AMETEK Land, a combustion efficiency and environmental pollutant emissions monitoring expert, has supplied its Near Infrared Borescope (NIR-B) 3XR to Air Liquide, which is now gaining know-how by continuously measuring temperature of tube walls within its steam methane reformers.
Air Liquide’s steam methane reformers, which produce industrial hydrogen (H2) and carbon dioxide (CO2) gases, are critical assets and their safe and reliable operation is of paramount importance.
However, the company explains they are very challenging assets to maintain and operate, “Some of the most-common problems in reformer operation are burner, flue gas distribution and catalyst issues. All of those problems can directly affect tube wall temperatures (TWT) and tube life and can lead to premature tube failure. Those issues also can lead a producer to be overly cautious on TWT and lose valuable production every year.”
Developed specifically to operate in the hazardous areas of a steam methane reformer, the NIR-B 3XR is ATEX and IECEx approved and CSA certified. It is a short-wavelength radiometric, infrared borescope imaging camera, which measures temperatures in the single range of 600 to 1800 °C (1112 to 3272 °F) and utilises the latest wide dynamic range imaging technology.
Air Liquide said this solution was ideal for its industrial gas application in which there were high differential temperatures in the field of view, such as the tube and furnace walls.

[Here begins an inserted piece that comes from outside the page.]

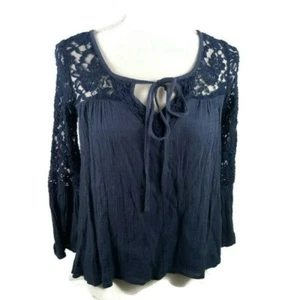 MUDD Bohemian Peasant Top Extra Small Blue Bell Quarter Sleeves Crochet & Lace - Picture 1 of 13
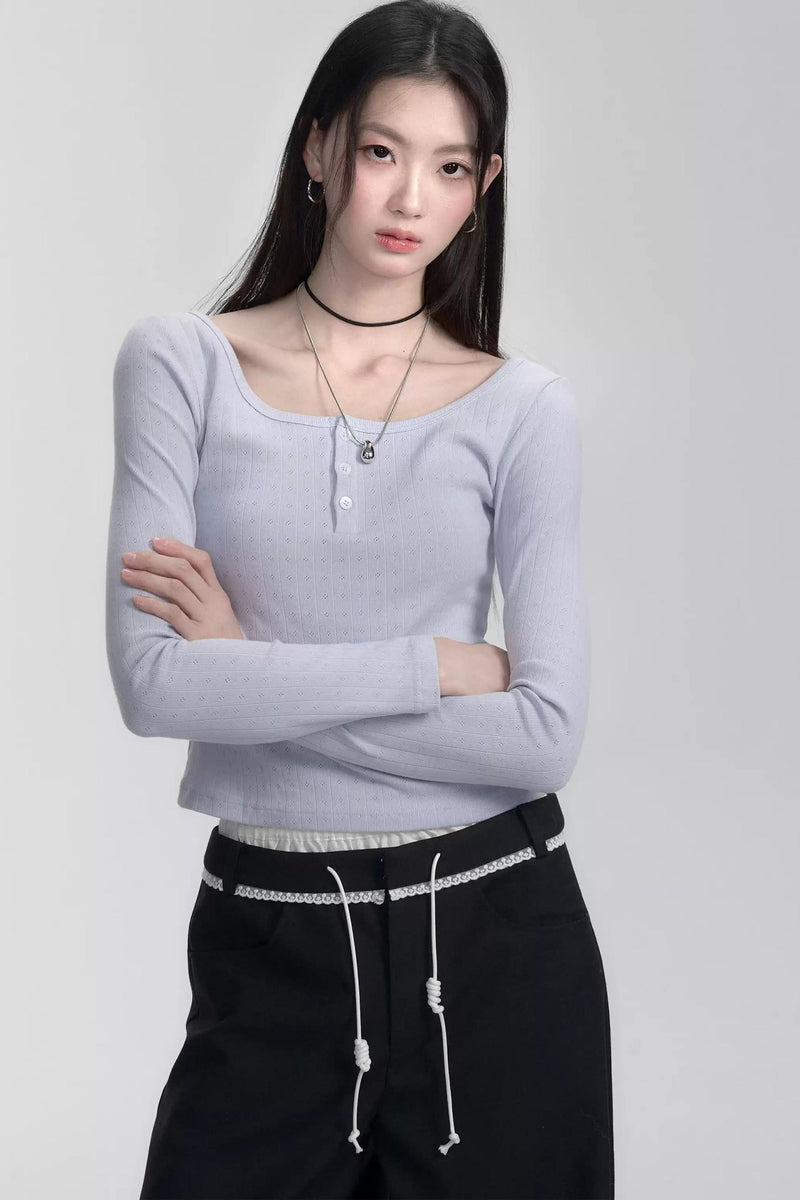 Ribbed Henley Long Sleeve T-shirt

Gonzalo Navarro, Production Manager at Air Liquide Ibérica de Gases, comments, “Our main drivers for investing in AMETEK Land’s NIR-B 3XR were to extend tube and catalyst life, which we are achieving as a result. We continuously are learning about our reformer, which enables us to balance it correctly and to follow our main and most-critical asset online.”
Air Liquide uses the extensive functions available within the LIPS NIR-B thermal imaging software to monitor TWT 24/7 and to receive early warning of increasing temperatures.
“The software allows us to spot and respond immediately to problems such as hot spots and bands on the tubes, refractory damage and any flame impingement,” comments Navarro, “We extensively use the Isotherm temperature measurement mode within the software to highlight areas of a thermal image that are within a selected temperature range. Areas within the isotherm’s range are displayed in our chosen colour for clear visibility and are key to our comprehensive understanding of tube performance.”
He continued, “The implementation of the thermal imagers has allowed us to gain furnace know-how. Now, our teams are able to monitor the temperature of the tubes continuously, they are able to make more informed and confident decisions implying greater plant reliability.”